Сейчас, когда уже намечены основные «вертикали» личностного устройства А. Н. Островского, мы перейдем к более детальному, по чертам, по свойствам, обдумыванию его индивидуального «космоса». Главная опора здесь – его пьесы, его письма и воспоминания о нем современников.

Просто – непросто

«Физиономия Островского, – считает В. Лакшин, – плохо уловима из мемуаров, черты его расплываются. Белокурый, стройный, хорошо пел – рисует его один из воспоминателей. Смолоду грузный, рыжеватый, рано облысевший, никогда не слышали его поющим – настаивает другой… Надо сводить эти свидетельства на очную ставку, выверять, просеивать»[17].

Черты расплываются? Но то, что приводит Лакшин в качестве примера «расплывчатости», есть два определенных портрета, которые каждый сам по себе и в этом качестве противоречат один другому. Значит, кто-то прав, а кто-то нет. Возможно ли, впрочем, ошибиться в собственном впечатлении? Ведь то впечатление, которое одна личность производит на другую, тоже есть своего рода неделимая единица и слагаемое этой личности. Из двух противоречащих друг другу свидетельств биографы Островского, как правило, исключают одно как неподлинное, ошибочное. Но точно ли это верный путь для постижения Островского – задаемся мы вопросом.

Возьмем воспоминания о молодой поре Островского кисти В. З. Головиной (Ворониной), они открывают книгу «А. Н. Островский в воспоминаниях современников». Головина познакомилась с Островским в 1849 году. Ее первое впечатление: «Белокурый молодой человек больше молчал и казался очень застенчивым и незанимательным, хотя смотрел на нас как-то не совсем просто». Его попросили прочесть пьесу, и он «очень мило и просто согласился»[18].

Посмотрел непросто, а затем повел себя и мило, и просто. Конечно, это вовсе микропроявления, заметные одному придирчивому на мелочи девичьему глазу. Но подчеркну – микропроявления контрастные.

В этом самом первом воспоминании будто спрятан ключик, тайный «алгоритм» личности, загадочная «формула», развитие которой будет осуществляться во всю жизнь Островского.

Никогда и ни на кого не производил Островский впечатления раздвоенной, хаотической, мятущейся личности. «Цельный, гармонично устроенный, ясный», – вслед за многими определяет Н. Эфрос, приходя к выводу, что эта гармония необъяснима, она была дана Островскому как «подарок природы»[19].

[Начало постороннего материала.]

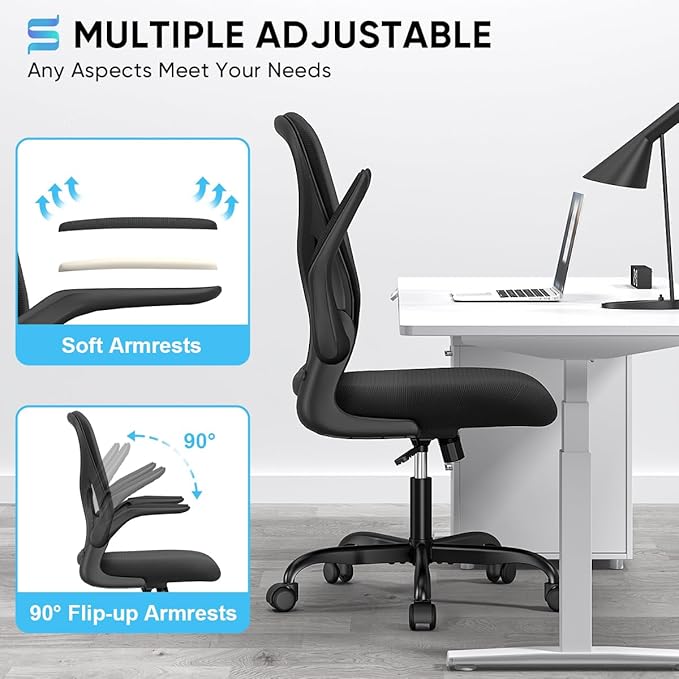 Sytas Ergonomic Desk Chair with Padded Flip up Arms and Supportive Lumbar Support, Breathable Mesh Home Office Chair with Comfortable Cushion for Home or Office(Black)-DeskLoop Office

Я же считаю, что гармония личностного устройства драматурга была не даром, а результатом огромного труда и цельность, целостность были в какой-то мере завоеваны им и созданы. Даром было другое – я называю это «универсальный дар композиции».

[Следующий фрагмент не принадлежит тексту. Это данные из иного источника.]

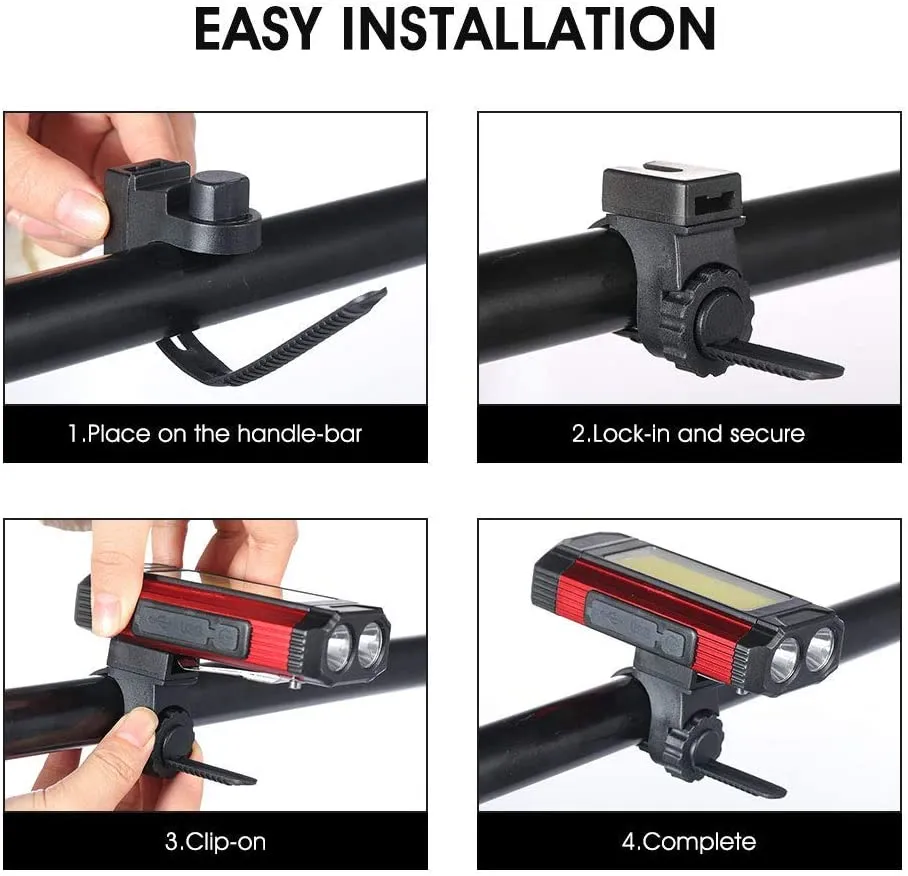 Waterproof USB Rechargeable Bike Front Light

Гармония – результат, композиция – инструмент; с помощью великого этого дара, дара упорядочивания, построения, согласования, соподчинения частей в целое, Островский претворял жизненные контрасты в драмы, а собственные разнонаправленные проявления – в целостность индивидуального мира. Дар композиции, могучий разум и тот деятельный свет души, что мы называем «добротою», соединяли множество противоречивых свойств Островского и контрастных проявлений его натуры в единый поток, как бы пронизывали своими мощными «вертикалями» обширную «горизонталь».

Рассмотрим теперь те контрастные проявления личности Островского, что удалось добыть из толщи фактов и мнений.

Христианин – язычник, порядочный – стихийный

Островский, видимо, очень рано воспринял основы христианской нравственности, и так живо, прочно и недвусмысленно, что во всю жизнь не имел соблазна ни богоискательства, ни атеизма. В основании его творческого мира лежат краеугольные камни, действительность которых не обсуждается, не подлежит сомнению. Трудно сыскать пьесу Островского, где не велась бы речь о Боге, Божьем суде, правде, грехе, совести, ответе – не нарочно, неназойливо. (Подхалюзин из «Банкрота» – и тот о совести рассуждает, и ловко.) «Чем же и свет стоит? Правдой и совестью только и держится» – похоже, что слова царя Берендея весьма близки и самому Островскому.